Saved data entries:
---+---

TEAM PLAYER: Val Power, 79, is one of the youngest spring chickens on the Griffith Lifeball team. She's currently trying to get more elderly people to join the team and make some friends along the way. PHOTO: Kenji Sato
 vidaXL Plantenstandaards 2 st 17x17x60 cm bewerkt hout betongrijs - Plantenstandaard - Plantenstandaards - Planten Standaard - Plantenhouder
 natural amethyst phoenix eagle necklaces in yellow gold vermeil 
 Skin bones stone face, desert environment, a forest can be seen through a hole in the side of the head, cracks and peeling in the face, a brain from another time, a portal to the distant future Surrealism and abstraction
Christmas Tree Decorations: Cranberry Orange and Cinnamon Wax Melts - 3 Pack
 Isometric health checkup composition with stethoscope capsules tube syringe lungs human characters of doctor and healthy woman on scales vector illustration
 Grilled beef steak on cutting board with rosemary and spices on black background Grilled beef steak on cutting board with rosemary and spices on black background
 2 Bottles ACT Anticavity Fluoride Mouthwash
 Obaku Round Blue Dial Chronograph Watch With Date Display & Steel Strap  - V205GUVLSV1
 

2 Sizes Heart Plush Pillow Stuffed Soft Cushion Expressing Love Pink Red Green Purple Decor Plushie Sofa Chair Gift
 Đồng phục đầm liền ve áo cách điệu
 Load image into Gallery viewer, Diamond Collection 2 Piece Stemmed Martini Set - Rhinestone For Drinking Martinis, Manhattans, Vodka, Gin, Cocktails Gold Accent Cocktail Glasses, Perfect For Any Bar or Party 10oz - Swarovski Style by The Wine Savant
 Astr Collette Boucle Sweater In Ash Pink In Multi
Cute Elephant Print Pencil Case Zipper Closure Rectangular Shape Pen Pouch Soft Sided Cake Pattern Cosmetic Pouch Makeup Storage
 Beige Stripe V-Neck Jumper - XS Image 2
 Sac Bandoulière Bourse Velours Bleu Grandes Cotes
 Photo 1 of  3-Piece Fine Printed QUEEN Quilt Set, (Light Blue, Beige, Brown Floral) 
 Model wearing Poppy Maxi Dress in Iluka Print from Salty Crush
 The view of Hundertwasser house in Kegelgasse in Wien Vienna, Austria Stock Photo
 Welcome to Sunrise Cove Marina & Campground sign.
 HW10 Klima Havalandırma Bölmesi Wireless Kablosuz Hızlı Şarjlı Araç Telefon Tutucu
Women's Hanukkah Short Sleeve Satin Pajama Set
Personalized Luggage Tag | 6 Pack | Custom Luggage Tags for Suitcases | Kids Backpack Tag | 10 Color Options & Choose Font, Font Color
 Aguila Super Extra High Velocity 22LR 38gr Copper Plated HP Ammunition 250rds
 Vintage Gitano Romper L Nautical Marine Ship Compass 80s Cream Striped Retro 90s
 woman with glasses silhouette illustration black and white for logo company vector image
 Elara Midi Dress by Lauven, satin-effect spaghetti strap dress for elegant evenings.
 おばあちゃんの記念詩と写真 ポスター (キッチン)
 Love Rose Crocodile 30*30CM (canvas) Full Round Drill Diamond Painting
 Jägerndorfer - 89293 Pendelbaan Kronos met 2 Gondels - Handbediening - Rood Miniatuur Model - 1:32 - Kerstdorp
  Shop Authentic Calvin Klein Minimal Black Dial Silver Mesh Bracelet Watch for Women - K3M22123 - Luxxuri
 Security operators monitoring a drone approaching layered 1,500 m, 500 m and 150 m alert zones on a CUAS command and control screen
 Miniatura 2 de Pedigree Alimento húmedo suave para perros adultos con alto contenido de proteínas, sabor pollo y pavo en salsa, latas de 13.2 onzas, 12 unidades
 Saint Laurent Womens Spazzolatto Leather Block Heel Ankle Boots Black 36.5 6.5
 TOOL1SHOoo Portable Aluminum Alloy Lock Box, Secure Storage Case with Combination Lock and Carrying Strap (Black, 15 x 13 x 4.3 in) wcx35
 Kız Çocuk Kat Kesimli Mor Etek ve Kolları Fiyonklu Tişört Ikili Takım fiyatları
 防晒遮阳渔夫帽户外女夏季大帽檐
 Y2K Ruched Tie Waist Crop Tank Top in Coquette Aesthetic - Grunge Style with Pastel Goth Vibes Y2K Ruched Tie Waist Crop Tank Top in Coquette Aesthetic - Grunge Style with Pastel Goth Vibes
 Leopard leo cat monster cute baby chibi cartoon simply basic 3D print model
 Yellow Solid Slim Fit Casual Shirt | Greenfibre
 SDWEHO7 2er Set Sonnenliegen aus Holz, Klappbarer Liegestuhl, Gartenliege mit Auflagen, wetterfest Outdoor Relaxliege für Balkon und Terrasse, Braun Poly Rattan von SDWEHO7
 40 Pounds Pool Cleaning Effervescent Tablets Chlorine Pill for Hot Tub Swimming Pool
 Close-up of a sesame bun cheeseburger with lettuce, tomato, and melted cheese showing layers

---+---

### What to do
Each record above is to be printed again exactly as written.

### Completed task
TEAM PLAYER: Val Power, 79, is one of the youngest spring chickens on the Griffith Lifeball team. She's currently trying to get more elderly people to join the team and make some friends along the way. PHOTO: Kenji Sato
 vidaXL Plantenstandaards 2 st 17x17x60 cm bewerkt hout betongrijs - Plantenstandaard - Plantenstandaards - Planten Standaard - Plantenhouder
 natural amethyst phoenix eagle necklaces in yellow gold vermeil 
 Skin bones stone face, desert environment, a forest can be seen through a hole in the side of the head, cracks and peeling in the face, a brain from another time, a portal to the distant future Surrealism and abstraction
Christmas Tree Decorations: Cranberry Orange and Cinnamon Wax Melts - 3 Pack
 Isometric health checkup composition with stethoscope capsules tube syringe lungs human characters of doctor and healthy woman on scales vector illustration
 Grilled beef steak on cutting board with rosemary and spices on black background Grilled beef steak on cutting board with rosemary and spices on black background
 2 Bottles ACT Anticavity Fluoride Mouthwash
 Obaku Round Blue Dial Chronograph Watch With Date Display & Steel Strap  - V205GUVLSV1
 

2 Sizes Heart Plush Pillow Stuffed Soft Cushion Expressing Love Pink Red Green Purple Decor Plushie Sofa Chair Gift
 Đồng phục đầm liền ve áo cách điệu
 Load image into Gallery viewer, Diamond Collection 2 Piece Stemmed Martini Set - Rhinestone For Drinking Martinis, Manhattans, Vodka, Gin, Cocktails Gold Accent Cocktail Glasses, Perfect For Any Bar or Party 10oz - Swarovski Style by The Wine Savant
 Astr Collette Boucle Sweater In Ash Pink In Multi
Cute Elephant Print Pencil Case Zipper Closure Rectangular Shape Pen Pouch Soft Sided Cake Pattern Cosmetic Pouch Makeup Storage
 Beige Stripe V-Neck Jumper - XS Image 2
 Sac Bandoulière Bourse Velours Bleu Grandes Cotes
 Photo 1 of  3-Piece Fine Printed QUEEN Quilt Set, (Light Blue, Beige, Brown Floral) 
 Model wearing Poppy Maxi Dress in Iluka Print from Salty Crush
 The view of Hundertwasser house in Kegelgasse in Wien Vienna, Austria Stock Photo
 Welcome to Sunrise Cove Marina & Campground sign.
 HW10 Klima Havalandırma Bölmesi Wireless Kablosuz Hızlı Şarjlı Araç Telefon Tutucu
Women's Hanukkah Short Sleeve Satin Pajama Set
Personalized Luggage Tag | 6 Pack | Custom Luggage Tags for Suitcases | Kids Backpack Tag | 10 Color Options & Choose Font, Font Color
 Aguila Super Extra High Velocity 22LR 38gr Copper Plated HP Ammunition 250rds
 Vintage Gitano Romper L Nautical Marine Ship Compass 80s Cream Striped Retro 90s
 woman with glasses silhouette illustration black and white for logo company vector image
 Elara Midi Dress by Lauven, satin-effect spaghetti strap dress for elegant evenings.
 おばあちゃんの記念詩と写真 ポスター (キッチン)
 Love Rose Crocodile 30*30CM (canvas) Full Round Drill Diamond Painting
 Jägerndorfer - 89293 Pendelbaan Kronos met 2 Gondels - Handbediening - Rood Miniatuur Model - 1:32 - Kerstdorp
  Shop Authentic Calvin Klein Minimal Black Dial Silver Mesh Bracelet Watch for Women - K3M22123 - Luxxuri
 Security operators monitoring a drone approaching layered 1,500 m, 500 m and 150 m alert zones on a CUAS command and control screen
 Miniatura 2 de Pedigree Alimento húmedo suave para perros adultos con alto contenido de proteínas, sabor pollo y pavo en salsa, latas de 13.2 onzas, 12 unidades
 Saint Laurent Womens Spazzolatto Leather Block Heel Ankle Boots Black 36.5 6.5
 TOOL1SHOoo Portable Aluminum Alloy Lock Box, Secure Storage Case with Combination Lock and Carrying Strap (Black, 15 x 13 x 4.3 in) wcx35
 Kız Çocuk Kat Kesimli Mor Etek ve Kolları Fiyonklu Tişört Ikili Takım fiyatları
 防晒遮阳渔夫帽户外女夏季大帽檐
 Y2K Ruched Tie Waist Crop Tank Top in Coquette Aesthetic - Grunge Style with Pastel Goth Vibes Y2K Ruched Tie Waist Crop Tank Top in Coquette Aesthetic - Grunge Style with Pastel Goth Vibes
 Leopard leo cat monster cute baby chibi cartoon simply basic 3D print model
 Yellow Solid Slim Fit Casual Shirt | Greenfibre
 SDWEHO7 2er Set Sonnenliegen aus Holz, Klappbarer Liegestuhl, Gartenliege mit Auflagen, wetterfest Outdoor Relaxliege für Balkon und Terrasse, Braun Poly Rattan von SDWEHO7
 40 Pounds Pool Cleaning Effervescent Tablets Chlorine Pill for Hot Tub Swimming Pool
 Close-up of a sesame bun cheeseburger with lettuce, tomato, and melted cheese showing layers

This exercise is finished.